A few weeks ago, five of us piled into the car to go out for dinner. The ride was about twenty minutes. About five minutes in, our granddaughter, age seven spoke up, “Let’s talk about our feelings?“ She picked me to go first. I was surprised by the request and a bit anxious. I am not often asked about how I am feeling. And anxious because I often consider how the other person might hear and feel about what I was going to say. I fumbled around trying to think of an answer. Finally, I said, “I am feeling happy because you asked me how I was feeling.”
When I was seven, “asks” were mostly “tolds”; orders to stop what I was doing or to think about the consequences of my behavior. I was not asked what I was feeling.

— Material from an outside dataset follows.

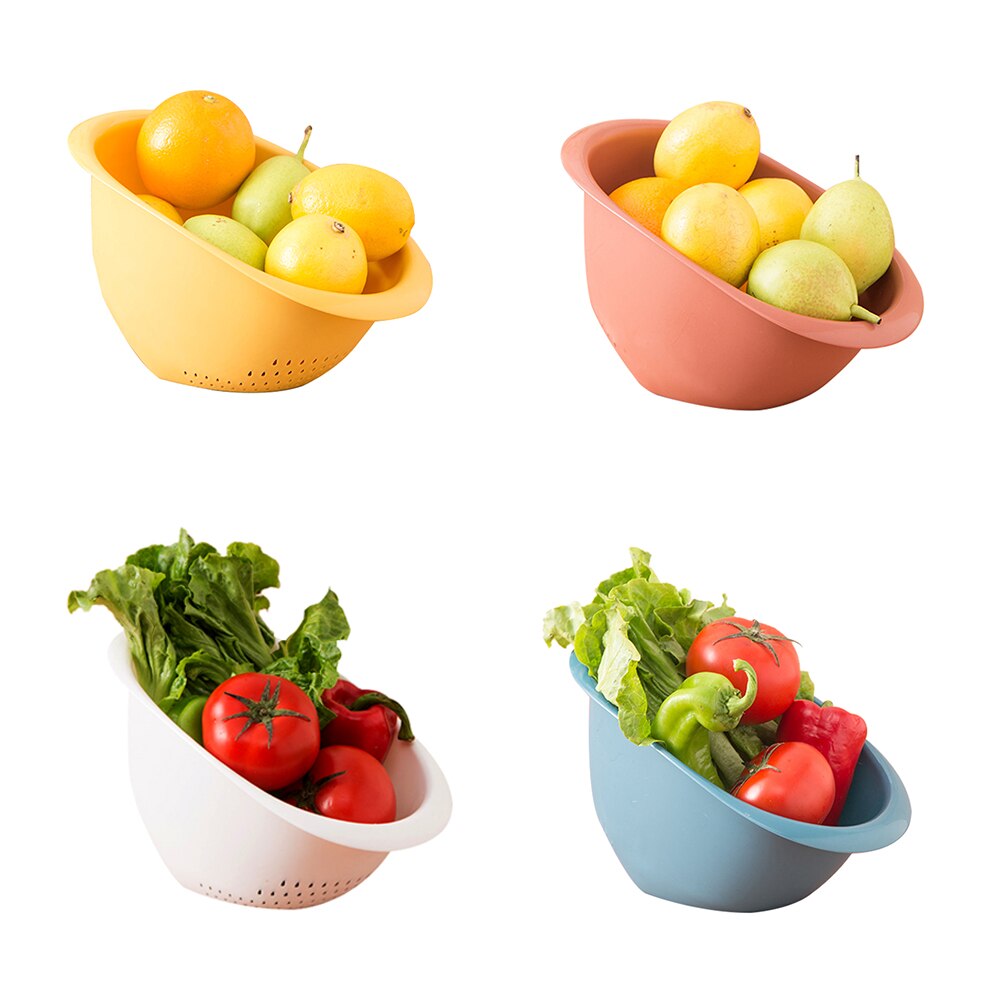 Plastic Kitchen Colander Drain Basket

My parents were very protective, especially given their flight to freedom backgrounds. If I dared to say I was “scared” about something, their response was “That was nothing to be afraid of.” It was a blip on the scary scale by contrast to their lives. True, but I was still scared.
Finally seated in the restaurant for dinner, the wise seven-year-old granddaughter asked us, “Tell me a funny story to make me laugh.” As a more serious than silly person, I resorted to a Knock-Knock joke; “Knock, knock.Who’s there? Ice cream. Ice cream who? ICE CREAM SO YOU CAN HEAR ME!”